When an AI writes your code and your tests, passing tests prove nothing — they inherit the same blind spots as the implementation. qed defines acceptance criteria as typed specs, verified independently of the agent that did the work.
Two modes
Worker loop — run a worker (an AI agent, a build script, anything), verify each criterion, feed failures back, repeat until everything passes or the loop terminates. The orchestration is a formally proven state machine.
Verify mode — run each criterion once and report results. No worker, no loop — just verification. Used for CI and standalone checks.
Verification spectrum
Not everything needs a formal proof, and not everything can get away with a shell script. qed supports a spectrum of verification strategies, from deterministic to probabilistic:
| Type | Strategy | Guarantee |
|---|---|---|
command | Shell command, exit code | Deterministic |
property | Hypothesis / QuickCheck | Statistical |
proof | Lean 4 / Coq / Agda | Mathematical |
agentReview | Independent LLM review | Probabilistic |
human | Manual sign-off | Human judgment |
A single spec can mix all of these.
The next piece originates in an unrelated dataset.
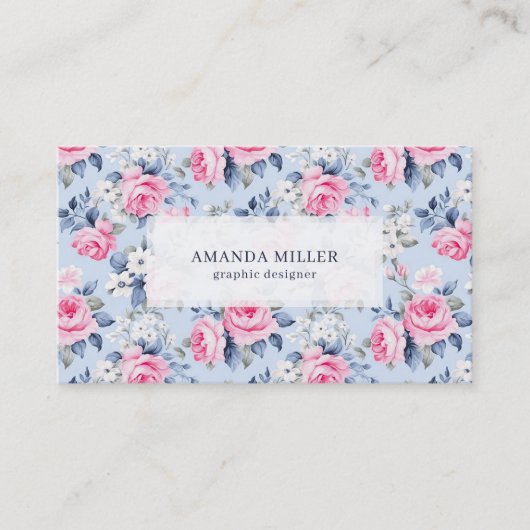 Shabby Chic Pastellrosa Rosenmuster auf blau Visitenkarte (Vorderseite)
The build must compile and the state machine must be mathematically proven to terminate and the code must pass an independent agent review — all in one verification pass.
Formally proven
The core loop is a pure transition function in Lean 4 with 8 theorems verified by Lean’s kernel:
- Termination — the loop always reaches a terminal state within
maxIterations - Stuck detection — fires iff the same failures repeat for
stuckThresholdconsecutive iterations - No skipped verification — worker output is always checked before passing
- Worker ordering — verification is only reachable from the worker-running state
- Terminal states are absorbing — once done, done
- Monotonic iteration count — iterations never go backwards
- Verify mode separation — verify mode cannot carry worker loop state
- Independent of state machine — verify mode does not use the transition function
No sorry (Lean’s equivalent of “trust me, bro”) anywhere in the proof modules. These aren’t aspirational properties — they’re mechanically checked by the compiler.
What a spec looks like
name = "state-machine"
[worker]
command = "claude -p 'implement the state machine'"
[[criteria]]
description = "Project builds and tests pass"
verify = { type = "command", run = "lake build && lake test" }
[[criteria]]
description = "Transition function terminates"
verify = { type = "proof", prover = "lean4", target = "Qed.Proofs.Termination.transitionTerminates" }
[[criteria]]
description = "Code follows conventions"
verify = { type = "agentReview", prompt = "Check for pure functions and exhaustive matches." }
Specs are files in the repo — TOML or JSON, version-controlled, schema-validated. qed eats its own dogfood: the repo’s own acceptance criteria are defined as specs.
Status
Under active development, approaching v0.1.0. The core state machine, parser, verifier dispatch, and all formal proofs are complete. Open source under MIT.